DBS reported a record net profit of S$6.8 billion for its fiscal year 2021 (FY2021) as it deftly navigated the challenges by growing its loan book and registering higher fee income.
At the same time, the group increased its quarterly dividend to S$0.36 per share, up from S$0.33 in the previous quarter.
Annualised dividend now stands at S$1.44, giving its shares a forward dividend yield of around 4%.
Aside from this healthy yield, the bank is also targeting to continue its growth momentum.
It recently acquired the Taiwan consumer banking division of Citigroup (NYSE: C) in a S$2.2 billion transaction.
And with interest rates poised to rise in the coming months, DBS should also enjoy higher net interest income.

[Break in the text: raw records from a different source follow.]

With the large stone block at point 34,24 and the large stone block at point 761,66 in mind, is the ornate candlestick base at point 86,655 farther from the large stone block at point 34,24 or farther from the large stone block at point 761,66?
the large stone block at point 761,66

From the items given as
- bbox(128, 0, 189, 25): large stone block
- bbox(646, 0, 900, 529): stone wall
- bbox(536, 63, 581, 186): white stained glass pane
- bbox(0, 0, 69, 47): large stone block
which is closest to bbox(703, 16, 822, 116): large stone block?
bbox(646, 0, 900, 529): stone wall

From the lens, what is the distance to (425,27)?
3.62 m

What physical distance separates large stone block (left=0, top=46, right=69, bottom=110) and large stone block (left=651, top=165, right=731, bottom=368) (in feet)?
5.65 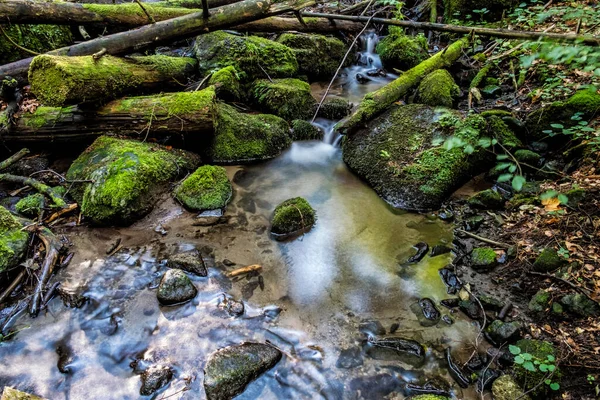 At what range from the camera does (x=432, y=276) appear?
396 cm

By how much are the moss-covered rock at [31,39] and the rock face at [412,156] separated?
22.5 ft

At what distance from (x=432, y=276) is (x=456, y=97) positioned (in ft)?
14.0

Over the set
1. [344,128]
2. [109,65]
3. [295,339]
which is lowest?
[295,339]

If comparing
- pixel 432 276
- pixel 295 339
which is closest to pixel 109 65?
pixel 295 339

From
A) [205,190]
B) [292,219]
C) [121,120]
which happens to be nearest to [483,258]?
[292,219]

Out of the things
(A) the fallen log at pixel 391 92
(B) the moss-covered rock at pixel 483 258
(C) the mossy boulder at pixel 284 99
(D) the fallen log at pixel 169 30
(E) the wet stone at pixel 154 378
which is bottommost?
(E) the wet stone at pixel 154 378

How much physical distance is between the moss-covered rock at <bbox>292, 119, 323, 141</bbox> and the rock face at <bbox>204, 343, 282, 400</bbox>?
459 centimetres

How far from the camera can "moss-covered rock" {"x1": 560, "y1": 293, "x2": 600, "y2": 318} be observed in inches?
118

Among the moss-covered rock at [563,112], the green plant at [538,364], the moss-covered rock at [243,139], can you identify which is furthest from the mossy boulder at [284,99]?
the green plant at [538,364]

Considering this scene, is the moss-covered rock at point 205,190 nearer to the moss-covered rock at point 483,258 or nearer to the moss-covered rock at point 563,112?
the moss-covered rock at point 483,258

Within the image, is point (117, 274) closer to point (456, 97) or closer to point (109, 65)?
point (109, 65)

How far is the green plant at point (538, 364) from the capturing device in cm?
263

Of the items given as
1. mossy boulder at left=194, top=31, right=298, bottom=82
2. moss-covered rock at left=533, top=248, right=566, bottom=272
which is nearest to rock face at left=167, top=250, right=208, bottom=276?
moss-covered rock at left=533, top=248, right=566, bottom=272

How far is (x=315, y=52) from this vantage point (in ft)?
29.9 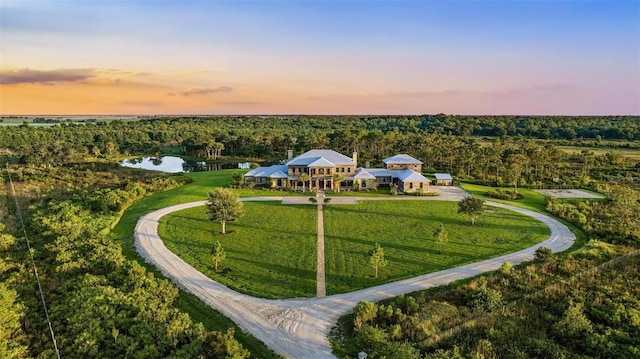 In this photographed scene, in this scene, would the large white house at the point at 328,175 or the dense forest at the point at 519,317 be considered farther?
the large white house at the point at 328,175

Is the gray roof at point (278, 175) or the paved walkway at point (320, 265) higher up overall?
the gray roof at point (278, 175)

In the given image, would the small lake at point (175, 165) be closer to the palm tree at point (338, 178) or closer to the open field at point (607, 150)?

iFAST Corporation Limited (SGX: AIY)
iFAST is a financial technology company that runs a platform for the buying and selling of securities such as unit trusts, equities, and bonds.

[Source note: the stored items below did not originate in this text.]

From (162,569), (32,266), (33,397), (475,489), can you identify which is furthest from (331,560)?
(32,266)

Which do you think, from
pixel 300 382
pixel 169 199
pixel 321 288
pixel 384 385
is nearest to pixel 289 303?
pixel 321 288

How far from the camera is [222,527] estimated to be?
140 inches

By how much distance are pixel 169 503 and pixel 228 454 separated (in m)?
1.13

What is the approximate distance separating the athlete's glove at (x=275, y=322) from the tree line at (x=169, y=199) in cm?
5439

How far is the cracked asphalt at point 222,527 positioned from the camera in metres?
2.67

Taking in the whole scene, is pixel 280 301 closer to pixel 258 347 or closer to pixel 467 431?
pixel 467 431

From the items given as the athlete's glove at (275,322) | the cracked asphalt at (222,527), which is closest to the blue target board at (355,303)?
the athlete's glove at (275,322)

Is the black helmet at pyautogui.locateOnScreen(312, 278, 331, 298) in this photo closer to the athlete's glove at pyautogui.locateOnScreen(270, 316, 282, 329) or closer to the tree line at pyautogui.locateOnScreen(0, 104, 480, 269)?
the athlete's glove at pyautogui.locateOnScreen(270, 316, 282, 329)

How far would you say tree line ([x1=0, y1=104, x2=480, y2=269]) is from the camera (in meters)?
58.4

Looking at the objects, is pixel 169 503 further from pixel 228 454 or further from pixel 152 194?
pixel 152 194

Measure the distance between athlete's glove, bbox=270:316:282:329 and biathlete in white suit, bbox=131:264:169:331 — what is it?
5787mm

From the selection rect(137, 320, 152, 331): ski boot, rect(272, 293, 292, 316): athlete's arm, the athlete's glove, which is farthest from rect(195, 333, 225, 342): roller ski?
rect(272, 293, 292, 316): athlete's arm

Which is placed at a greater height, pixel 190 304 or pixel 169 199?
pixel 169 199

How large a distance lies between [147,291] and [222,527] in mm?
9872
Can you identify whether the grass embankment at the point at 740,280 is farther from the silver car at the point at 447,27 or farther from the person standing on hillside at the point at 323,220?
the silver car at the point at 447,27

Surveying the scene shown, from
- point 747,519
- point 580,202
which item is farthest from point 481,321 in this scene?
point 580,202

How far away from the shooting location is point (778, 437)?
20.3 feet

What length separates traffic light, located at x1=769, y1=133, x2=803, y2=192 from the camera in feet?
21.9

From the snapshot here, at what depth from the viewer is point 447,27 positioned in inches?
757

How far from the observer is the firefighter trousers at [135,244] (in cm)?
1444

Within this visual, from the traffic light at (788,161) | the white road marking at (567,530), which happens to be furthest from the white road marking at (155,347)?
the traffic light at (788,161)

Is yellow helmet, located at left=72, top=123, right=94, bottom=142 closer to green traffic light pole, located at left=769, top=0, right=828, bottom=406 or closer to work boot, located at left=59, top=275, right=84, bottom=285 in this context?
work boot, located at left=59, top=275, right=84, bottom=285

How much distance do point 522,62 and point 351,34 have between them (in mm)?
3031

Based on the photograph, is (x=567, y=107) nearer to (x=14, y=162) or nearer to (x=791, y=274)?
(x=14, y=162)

The group has reported healthy growth over the last year as it enjoyed an influx of client funds, pushing its assets under administration to a record S$19 billion as of 31 December 2021, up 31.5% year on year.

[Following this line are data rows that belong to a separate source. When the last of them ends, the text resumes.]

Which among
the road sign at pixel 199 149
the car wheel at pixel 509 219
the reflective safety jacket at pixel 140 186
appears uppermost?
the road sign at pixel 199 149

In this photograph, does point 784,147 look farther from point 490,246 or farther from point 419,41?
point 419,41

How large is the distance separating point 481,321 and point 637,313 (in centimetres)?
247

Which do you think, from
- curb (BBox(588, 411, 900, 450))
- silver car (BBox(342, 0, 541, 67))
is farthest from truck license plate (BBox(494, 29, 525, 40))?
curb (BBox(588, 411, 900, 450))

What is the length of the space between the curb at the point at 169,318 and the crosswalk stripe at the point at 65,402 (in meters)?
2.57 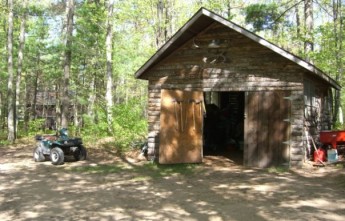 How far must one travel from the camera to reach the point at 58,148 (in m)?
13.6

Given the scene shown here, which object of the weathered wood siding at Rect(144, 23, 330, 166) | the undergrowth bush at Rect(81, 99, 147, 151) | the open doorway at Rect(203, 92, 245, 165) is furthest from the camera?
the undergrowth bush at Rect(81, 99, 147, 151)

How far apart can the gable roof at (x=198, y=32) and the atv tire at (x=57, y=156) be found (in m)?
3.74

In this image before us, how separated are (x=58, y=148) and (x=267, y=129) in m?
7.11

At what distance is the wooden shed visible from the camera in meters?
12.4

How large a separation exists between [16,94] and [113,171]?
53.6 feet

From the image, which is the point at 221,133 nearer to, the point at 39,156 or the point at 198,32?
the point at 198,32

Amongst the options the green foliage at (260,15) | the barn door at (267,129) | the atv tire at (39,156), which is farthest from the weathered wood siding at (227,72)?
the green foliage at (260,15)

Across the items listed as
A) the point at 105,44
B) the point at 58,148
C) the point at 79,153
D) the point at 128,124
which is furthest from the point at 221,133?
the point at 105,44

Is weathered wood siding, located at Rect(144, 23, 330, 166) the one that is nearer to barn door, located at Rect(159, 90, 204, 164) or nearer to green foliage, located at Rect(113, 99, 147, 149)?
barn door, located at Rect(159, 90, 204, 164)

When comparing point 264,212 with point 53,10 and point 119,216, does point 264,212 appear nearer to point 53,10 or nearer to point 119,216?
point 119,216

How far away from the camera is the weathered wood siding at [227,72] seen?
40.6ft

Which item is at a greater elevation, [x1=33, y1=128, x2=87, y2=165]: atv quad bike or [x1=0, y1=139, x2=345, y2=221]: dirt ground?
[x1=33, y1=128, x2=87, y2=165]: atv quad bike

Revenue for FY2021 climbed 27.2% year on year to S$216.2 million while net profit surged by 44.8% year on year to S$30.6 million.
In line with the strong results, iFAST will pay out a total dividend of S$0.048 for FY2021, 45.5% above the S$0.033 it paid out the year before.
Shares of iFAST are yielding around 0.8%.
The fintech company has ambitious growth plans that were revealed in its five-year plan last year.
It wants to fast-track growth at its Hong Kong division after clinching a significant contract to revamp the country’s pension system.
Another goal was to pursue more licences in the region to enable it to grow its AUA further.
In line with this objective, iFAST purchased a UK digital bank, BFC Bank, back in January for around S$73.4 million.
Should the group see its net profit climb in the future, investors can enjoy rising dividends in tandem.
UMS Holdings Limited (SGX: 558)
UMS provides a one-stop-shop for equipment manufacturing and engineering services to original equipment manufacturers (OEM) of semiconductor and related products.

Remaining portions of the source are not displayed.